Sans qu’il soit possible d’atteindre au vrai de toutes les intentions du satirique, son énergie, sa véhémence, son réalisme insolent et sa chaude brutalité entraînent le lecteur, qui ne se lasse ni de ses déclamations extravagantes ni de ses impatientantes obscurités. Il fut un peu, en ceci, le Tacite de la satire, son imagination lui dictant sans doute plus de traits, pour ses tableaux d’un dessin si cru, que la notation de faits observés. Il est curieux que ce vengeur impitoyable se soit attaqué surtout aux morts. Très poète, ses invectives ont du lyrisme, mais ses apostrophes sont amenées selon les lois rigides d’un calcul ; on sent, à le lire avec soin, qu’il se possède complètement malgré l’apparente impétuosité de sa passion, qu’il a chiffré d’avance sa marche, pour arriver sûrement au but qu’il s’est assigné ; de là ce peu de flamme communiquée au lecteur.

Qu’il montre Messaline se vendant aux portefaix de Rome ou qu’il brise la statue de Séjan, cette insulte et cette violence ne provoquent ni l’horreur ni l’indignation ; la littérature du satirique seule intéresse, l’unique sentiment qu’on éprouve est celui d’une admiration pour l’écrivain. Ce réformateur audacieux, ce terrible et fier Romain, n’est qu’un pusillanime dont le rêve ne se formule pas et qui refuse son conseil.
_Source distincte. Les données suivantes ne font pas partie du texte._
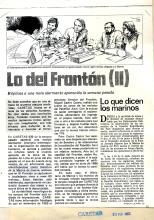 Lo del Frontón (II)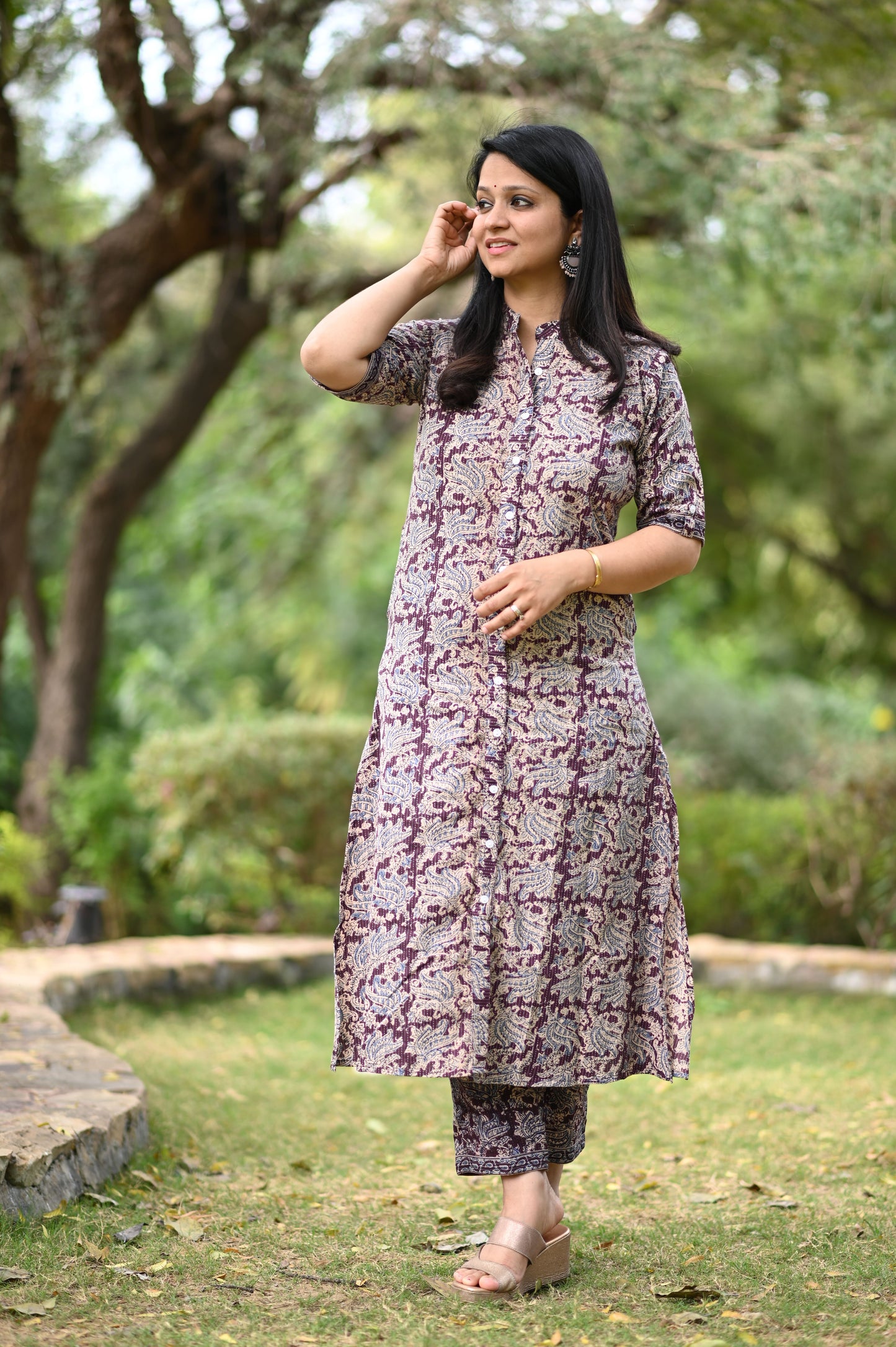 Ziva A-Line Cotton Co-ord Set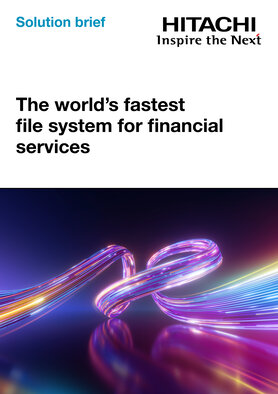 The World’s Fastest File System for Financial Services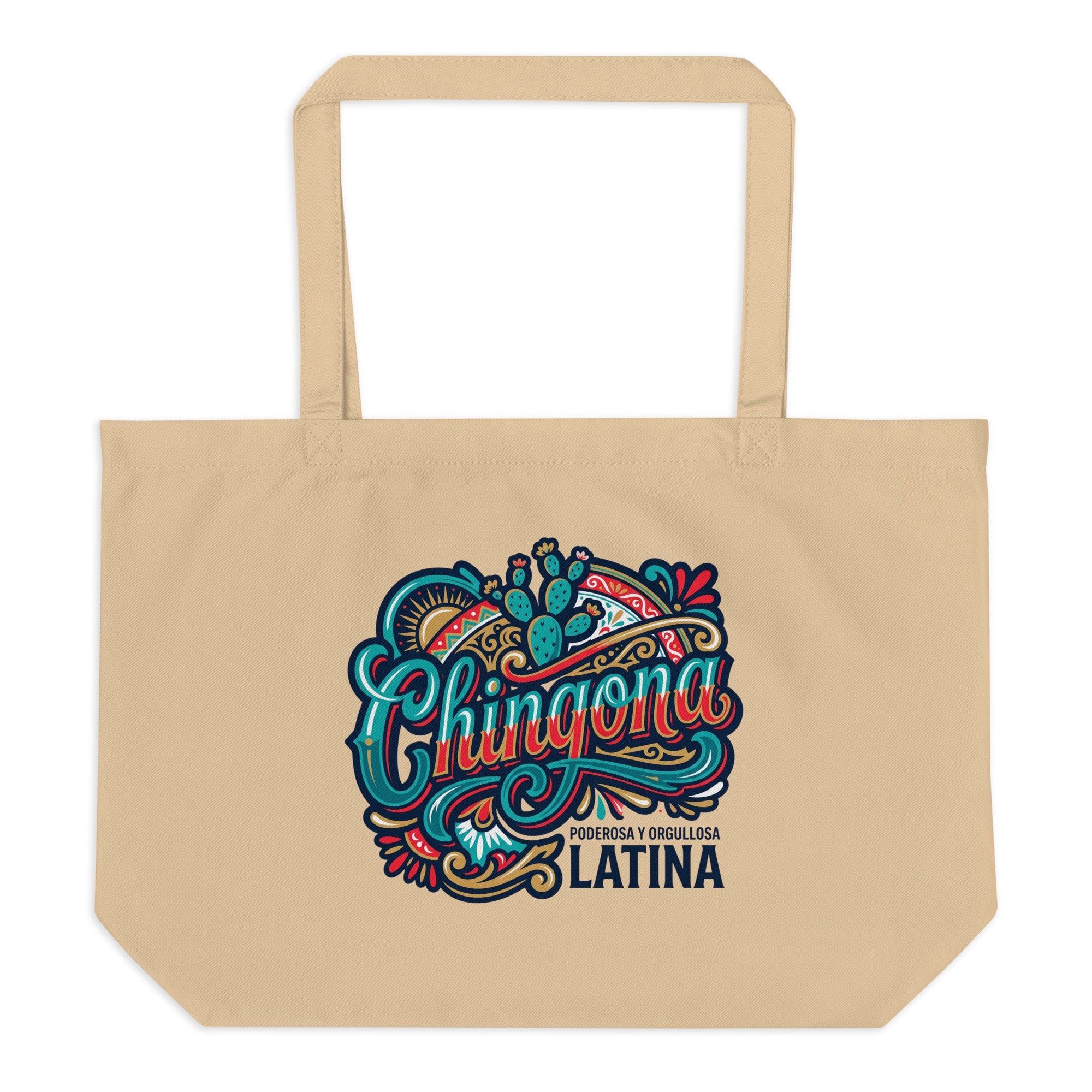 Chingona/ Shes bada$$ Large organic tote bag
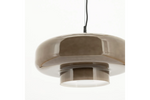 By-Boo Vetro – Hanglamp Taupe (Ø 40 cm)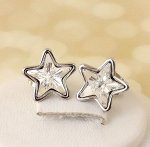 Серьги-гвоздики Swarovski Н01-6694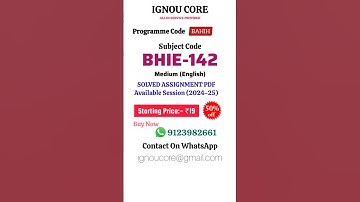 BHIE 142 Solved Assignment PDF 2024-25 in English, BAHIH program BHIE-142 Solved assignments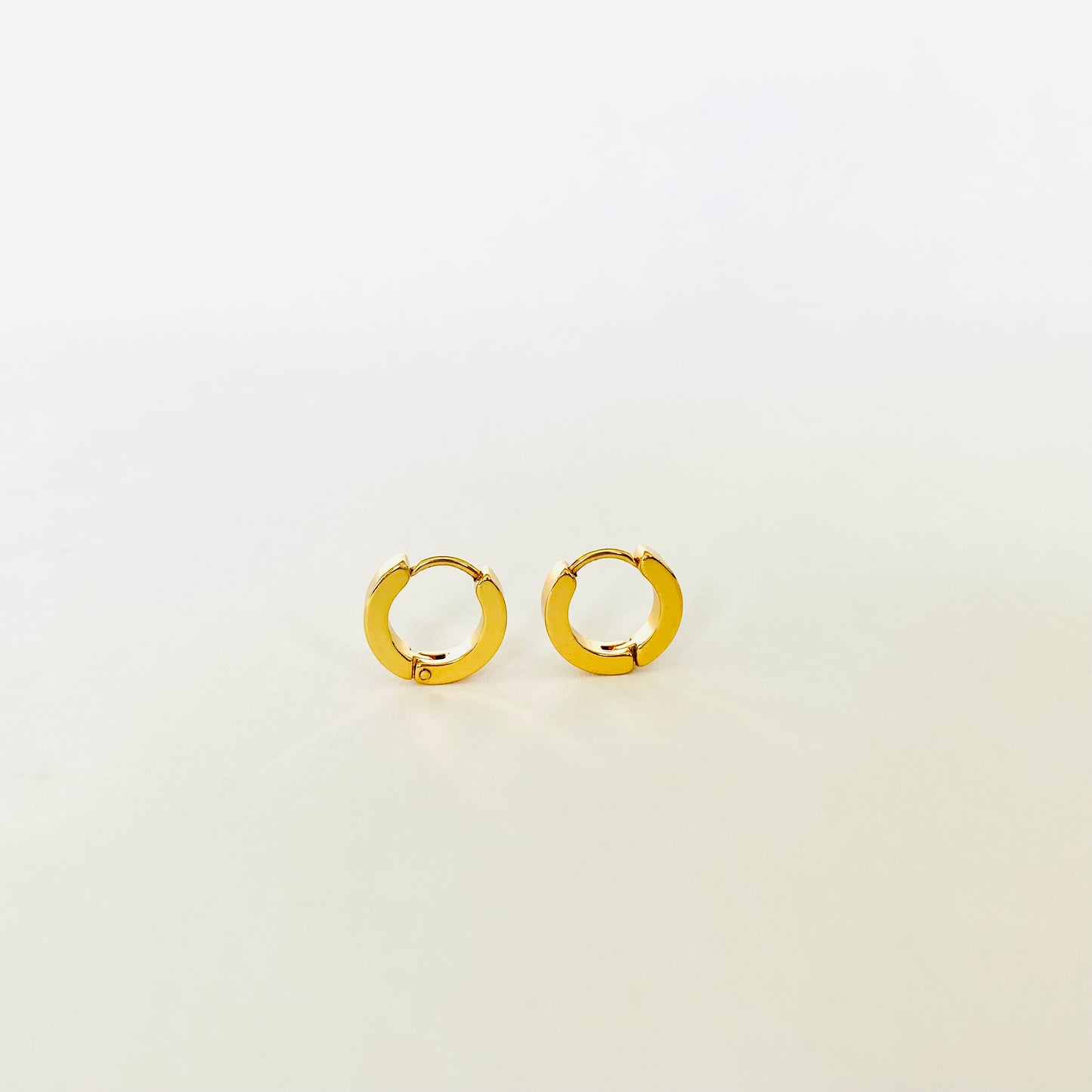 Gold Chunky Huggie Hoops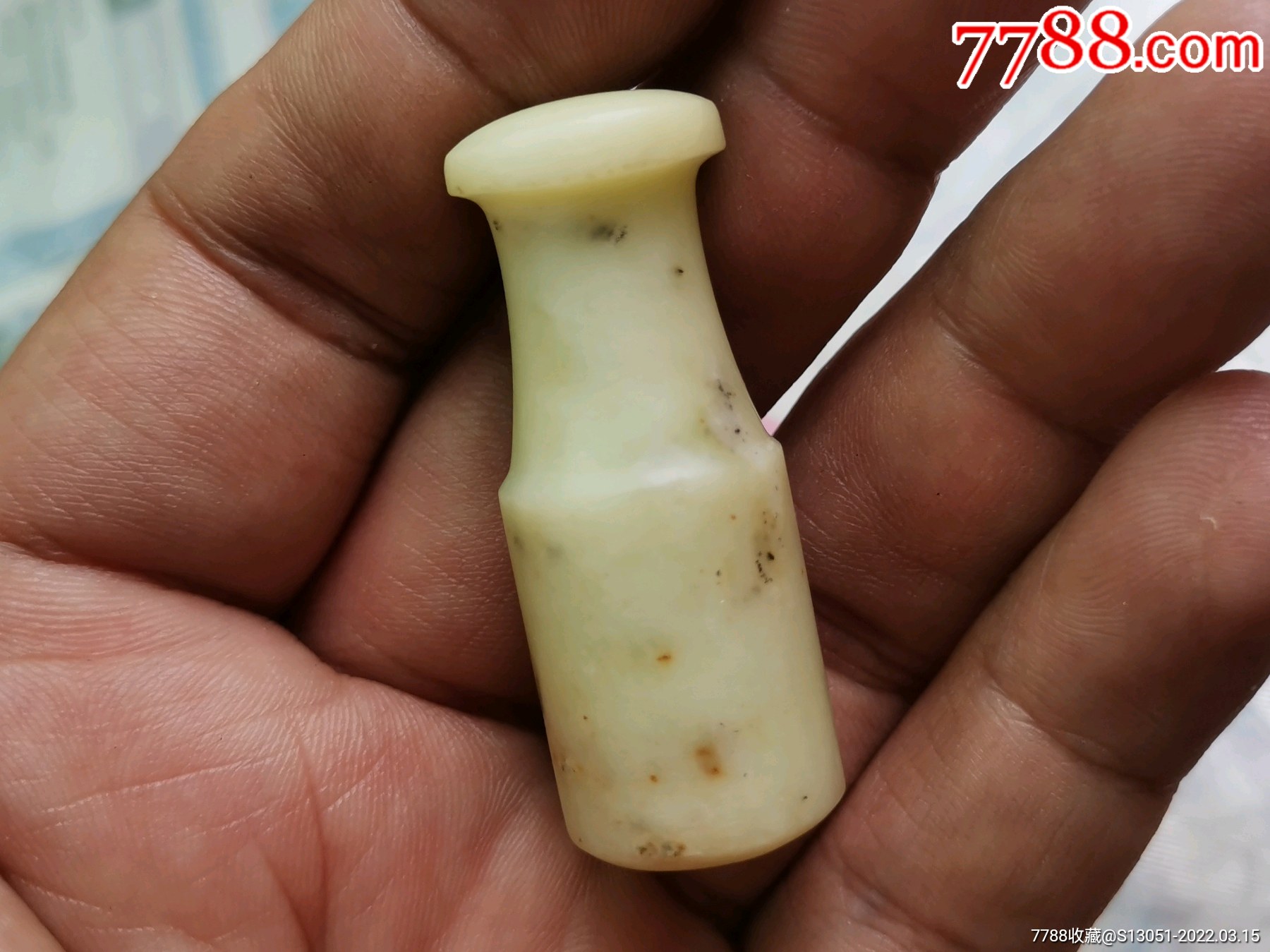 少见老玉石烟嘴未使用-价格:30元-se85939125-其他玉石/玉器-零售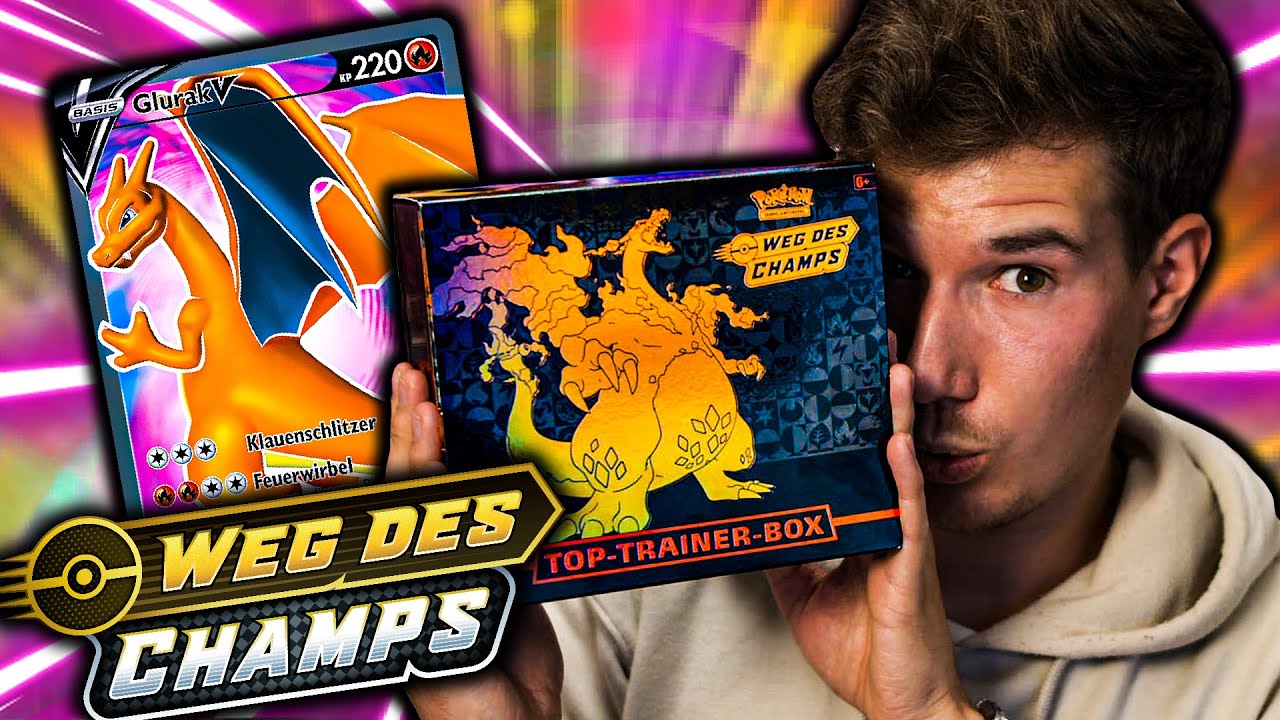 Lohnt sich die Glurak Trainer Box? 😱🔥 Pokemon Weg des Champs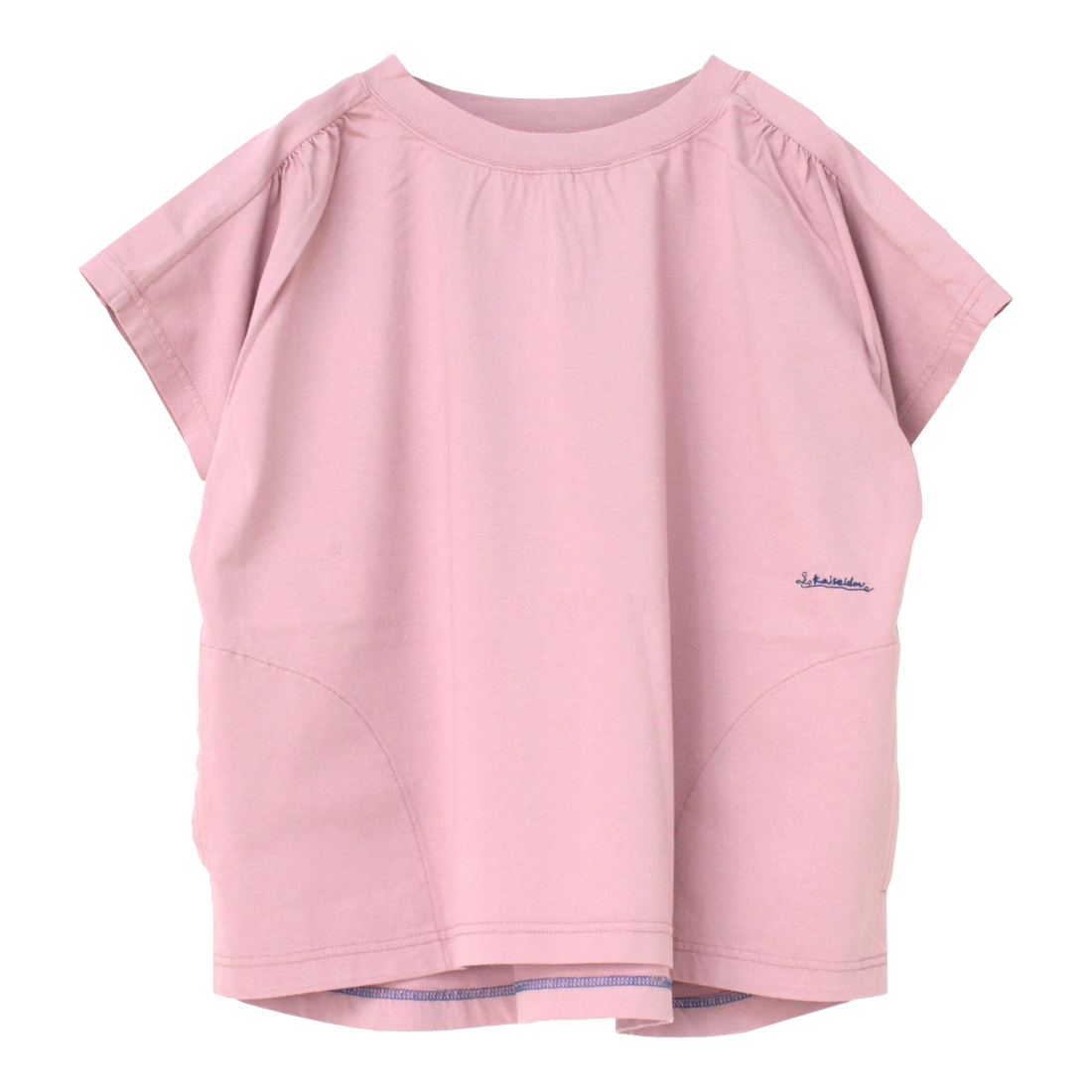 快晴堂 かいせいどう 肩ギャザー半袖Girl'sTシャツ 51C-39 無地 ワイド ポケット 刺繍 ロゴ カットソー レディース 2025春夏 | 快晴堂 | 05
Il dit : Nous subissons les maux d’une longue paix ; plus formidable que le glaive, la luxure a fondu sur nous et venge l’univers asservi ; puis, aussitôt, il se résigne : Crois-moi, laisse aux dieux le soin d’apprécier ce qui nous convient, ce qui nous peut être utile. Nous demandons ce qui plaît, ils donneront ce qu’il faut... Et, comme Horace, s’écartant du devoir : Vis ami du hoyau... C’est quelque chose, en quelque lieu, en quelque coin que ce soit, de s’être fait le possesseur ne fût-ce que d’un lézard. Rome peut disparaître, puisque la satire dont Rome était le sujet est écrite.